Could you repeat the records shown below exactly as written?

▬▬▬

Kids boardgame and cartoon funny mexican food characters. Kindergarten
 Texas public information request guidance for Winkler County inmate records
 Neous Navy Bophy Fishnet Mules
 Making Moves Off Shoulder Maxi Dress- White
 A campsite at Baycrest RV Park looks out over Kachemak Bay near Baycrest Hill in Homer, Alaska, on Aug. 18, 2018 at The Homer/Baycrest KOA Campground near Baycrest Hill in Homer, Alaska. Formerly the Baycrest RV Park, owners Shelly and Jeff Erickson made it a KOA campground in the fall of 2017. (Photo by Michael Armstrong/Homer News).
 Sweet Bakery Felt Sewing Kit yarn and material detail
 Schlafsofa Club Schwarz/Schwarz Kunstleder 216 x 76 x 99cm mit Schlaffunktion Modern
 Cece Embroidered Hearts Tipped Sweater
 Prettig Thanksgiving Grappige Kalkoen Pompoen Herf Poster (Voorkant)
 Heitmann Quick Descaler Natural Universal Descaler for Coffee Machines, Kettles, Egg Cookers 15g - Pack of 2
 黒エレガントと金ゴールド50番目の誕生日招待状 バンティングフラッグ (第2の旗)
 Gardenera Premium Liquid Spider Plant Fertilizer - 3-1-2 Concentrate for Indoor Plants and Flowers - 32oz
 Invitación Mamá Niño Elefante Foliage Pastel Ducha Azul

▬▬▬

• _Task solution_:
Kids boardgame and cartoon funny mexican food characters. Kindergarten
 Texas public information request guidance for Winkler County inmate records
 Neous Navy Bophy Fishnet Mules
 Making Moves Off Shoulder Maxi Dress- White
 A campsite at Baycrest RV Park looks out over Kachemak Bay near Baycrest Hill in Homer, Alaska, on Aug. 18, 2018 at The Homer/Baycrest KOA Campground near Baycrest Hill in Homer, Alaska. Formerly the Baycrest RV Park, owners Shelly and Jeff Erickson made it a KOA campground in the fall of 2017. (Photo by Michael Armstrong/Homer News).
 Sweet Bakery Felt Sewing Kit yarn and material detail
 Schlafsofa Club Schwarz/Schwarz Kunstleder 216 x 76 x 99cm mit Schlaffunktion Modern
 Cece Embroidered Hearts Tipped Sweater
 Prettig Thanksgiving Grappige Kalkoen Pompoen Herf Poster (Voorkant)
 Heitmann Quick Descaler Natural Universal Descaler for Coffee Machines, Kettles, Egg Cookers 15g - Pack of 2
 黒エレガントと金ゴールド50番目の誕生日招待状 バンティングフラッグ (第2の旗)
 Gardenera Premium Liquid Spider Plant Fertilizer - 3-1-2 Concentrate for Indoor Plants and Flowers - 32oz
 Invitación Mamá Niño Elefante Foliage Pastel Ducha Azul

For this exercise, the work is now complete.